Authorities are looking into whether the attempted kidnapping of a Placerville toddler is connected to the fatal stabbing of an 8-year-old girl in a small town 45 miles away.
Placerville police Capt. Mike Scott said there were "some similarities" between the suspect arrested Tuesday and the man described in the slaying of Leila Fowler in Valley Springs but said there was "no confirmed nexus" between the cases.
"At this point, it's a shot in the dark," he told The Times.
Placerville police arrested Jason Wayrynen, 42, Tuesday after he allegedly followed a woman into an apartment uninvited and "immediately went" for a 15-month-old girl inside, Scott said.
The woman called 911 as the girl's mother wrestled with the suspect, police said.
A police statement alleged Wayrynen grabbed the girl from her mother and held the toddler to the ground. The girl's mother was able to free her daughter and put her in a bedroom, where other children were hiding, police said.
She then closed the door and "fought with the suspect," keeping him out of the bedroom until officers arrived.
Wayrynen was booked on suspicion of kidnapping and burglary, police said.

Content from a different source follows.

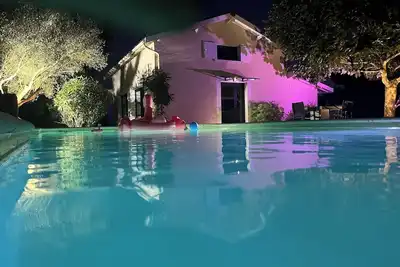 Image de L’Escale Girondine avec son sauna, son Spa et sa piscine privative.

"This is a very bizarre episode or incident that took place here in Placerville, and obviously it's a very sad and bizarre case that took place in Calaveras County," Scott said. "If there is a match, that would be outstanding, but it's truly a shot in the dark."

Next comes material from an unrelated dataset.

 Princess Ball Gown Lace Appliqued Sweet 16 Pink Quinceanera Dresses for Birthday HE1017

Placerville police notified Calaveras County authorities after the arrest, Calaveras County sheriff's Sgt. Chris Hewitt said. Hewitt said sheriff's detectives were heading to Placerville on Wednesday to collect DNA taken from Wayrynen in order to compare it with DNA gathered at the murdered girl's home.
Leila Fowler and her 12-year-old brother were at their Valley Springs home when her brother heard an intruder, according to Calaveras County Sheriff's Capt. Jim Macedo. The boy told investigators he saw a man, who fled on foot, before discovering his sister with what Macedo described as "severe injuries."
The brother called their parents, who Macedo said were at a "public event" nearby, and then called 911. The parents also called 911.
Leila was rushed to a hospital, where she was pronounced dead, Calaveras County Coroner Kevin Raggio said. An autopsy showed the girl died of shock and hemorrhaging as a result of multiple stab wounds, Raggio said.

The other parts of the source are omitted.